Assignment: Given the material below, output exactly the lines from the line with "Tablet Screenshot of kinuskikissa.fi" to the line with "Honda Capa /", both ends included, and no other lines.

━━ Records supplied

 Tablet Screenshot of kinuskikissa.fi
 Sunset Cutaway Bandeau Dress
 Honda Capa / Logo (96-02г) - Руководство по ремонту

━━━━
━━ Records supplied

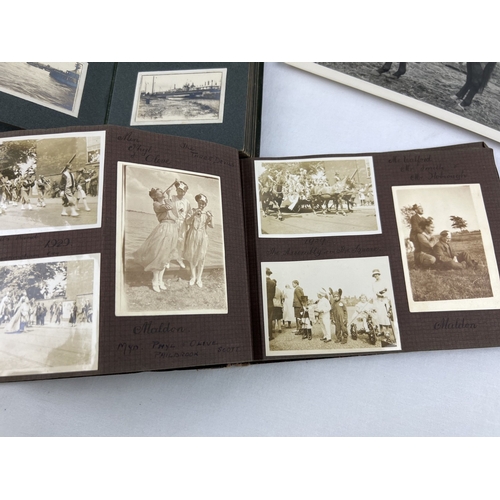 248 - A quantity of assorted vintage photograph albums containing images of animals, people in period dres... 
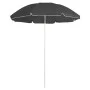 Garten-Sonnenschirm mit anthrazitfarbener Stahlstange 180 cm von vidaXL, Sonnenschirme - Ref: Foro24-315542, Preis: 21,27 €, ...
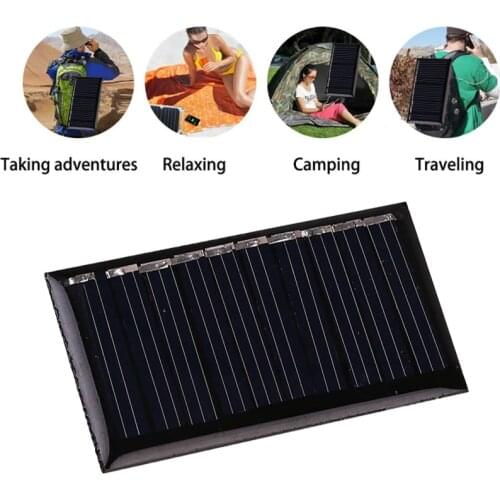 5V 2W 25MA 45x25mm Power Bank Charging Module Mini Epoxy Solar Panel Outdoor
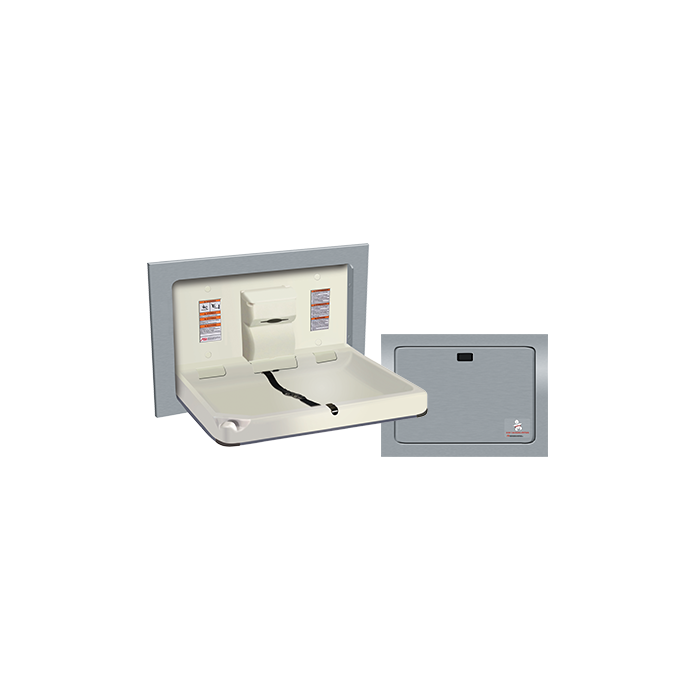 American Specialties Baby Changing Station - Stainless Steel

━━━━
━━ Records supplied

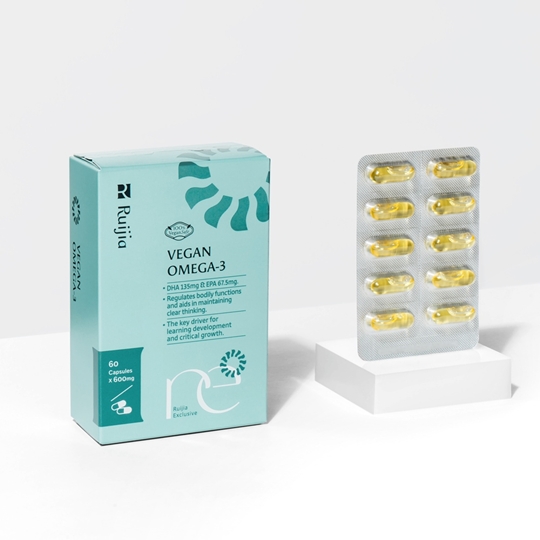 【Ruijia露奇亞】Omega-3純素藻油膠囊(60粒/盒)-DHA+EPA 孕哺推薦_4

━━━━

Answer to this task:
 Tablet Screenshot of kinuskikissa.fi
 Sunset Cutaway Bandeau Dress
 Honda Capa / Logo (96-02г) - Руководство по ремонту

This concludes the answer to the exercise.